Tell you what Arthur Koestler thought. In 1964 he wrote a tome on the subject, The Act of Creation, the burden of whose 751 pages, is that all humor, scientific discoveries, and works of art occur when two worlds collide. He put it rather more ponderously, “when two matrices bisociate.” By this he meant, when two frames of reference [each with its own rules of logic] are unexpectedly juxtaposed. Abstract and boring enough for ya, so far?
Consider this visual joke: Penny the Cucamonga cat is “wearing” a [photo-shopped] party hat, looking anything-but-in-a-party-mood, being held by my daughter [most of whose festive facial expression I have discreetly cropped away, to preserve her privacy]. Koestler would say that there are at least two matrices bisociating here. Penny, a cat, is impersonating a human “party animal,” which is also a pun; and the obvious photo-shopping of the party hat is my daughter’s mockery of the shoddy paparazzi “photo-journalism” ubiquitous in LA, where this picture was taken. Not unlike those ancient philosophers, Koestler believed that in all humor there is an element of defensive-aggression, against the butt of the joke. In this case, the joke is metaphorically on Penny [since we know how much pets detest wearing silly human costumes for gag photos]; but it’s actually on the paparazzi. Geddit?
Let’s go back to my fave joke, introduced in the “Funny Bone” post. “Horse walks into a bar. Bartender says, ‘Why the long face?'” One matrix is the well-worn, formulaic [mostly New York-based] genre of “guy-walks-into-a-bar-bartender-says-why-the-long-face?” joke. This collides with a more obscure joke tradition [mostly in Ireland & the UK], of placing horses in unusual settings. Back in the day, there was a series of print ads for whiskey, using the slogan, “You can take a White Horse anywhere.” Near the beginning of the cult Irish flick, Into the West, a [white] horse is taken by lift up to the top floor of a council housing flat in Dublin, and the human passengers on the lift don’t bat an eye. [A nod to the whiskey slogan.] That gets the horse into the bar, in my fave joke. The second matrix is a pun: a play on the words, “long face.”
But where’s the element of defensive-aggression in this oh-so-sophisticated joke? The butt of the joke is the genre of joke, itself. It is what Jon Stewart would call a meta-joke. It is a joke about a type of joke. Probably, it resonates most with those of us who have tried to “be funny,” for a living [or for a grade in acting school].

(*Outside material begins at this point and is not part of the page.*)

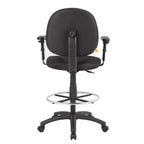 Chaise de bureau noire/tabouret de dessin avec accoudoirs réglables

Those of you who remember Jakobsen’s six Speech Functions will be raising your hands and “chirping” [@ 50 KHz], “Oooh! Oooh! This is Poetic Speech we’re talking about! Designed to Tell the Ugly Truth without Suffering the Ugly Consequences.” That is exactly what we are talking about. The teller of the joke [little David] gets to poke fun at big, bad Goliath; and the laughers at the joke get to expend their adrenaline in a non-combative manner. If they laugh until they cry, they even get to purge themselves of some cortisol. Goliath is mocked, but everybody survives. That’s what Koestler thought; and his most enduring book is Darkness at Noon, a repudiation of the “Goliath” of Communism, with whom he had previously cast his lot in the 1930s.
Now, back to Jaak’s laughing rats and tickling. [I’ll leave the cocaine commentary to the Wallabies among you.] Koestler believed that what rats [and little children] find laughable about tickling is that it is a mock attack. It’s funny because they know they are not really in danger of pain & suffering. The tickler is only impersonating an attacker. If actual pain results, or even the fear of pain, it’s no laughing matter. In fact, Jaak found, if even one cat hair [a signifier of threat from a predator] is in the room where a rat is being tickled, the rat will not “chirp” [@ 50 KHz]; it will bum [@ 22 KHz].
The rough-and-tumble play of all baby mammals produces “chirps” of glee. In developmental psychology, this epitomizes the concept, “This is only pretend.” Sigmund’s daughter, Anna Freud [she of the German Shepherd “Wolf”], called this Regression in the Service of the Ego one of the most important defenses older humans can use, as a respite from the real [not mock] threats in their lives. When we laugh at Jon Stewart poking fun at Kim Jong Il, we are pretending that the threat that little martinet poses to the world is “only pretend.” For that little moment, we are regressing to a childlike belief that Kim is just a joke [and giving our overtaxed limbic system a rest].
So, go ahead and laugh it up, folks. Feels great, doesn’t it?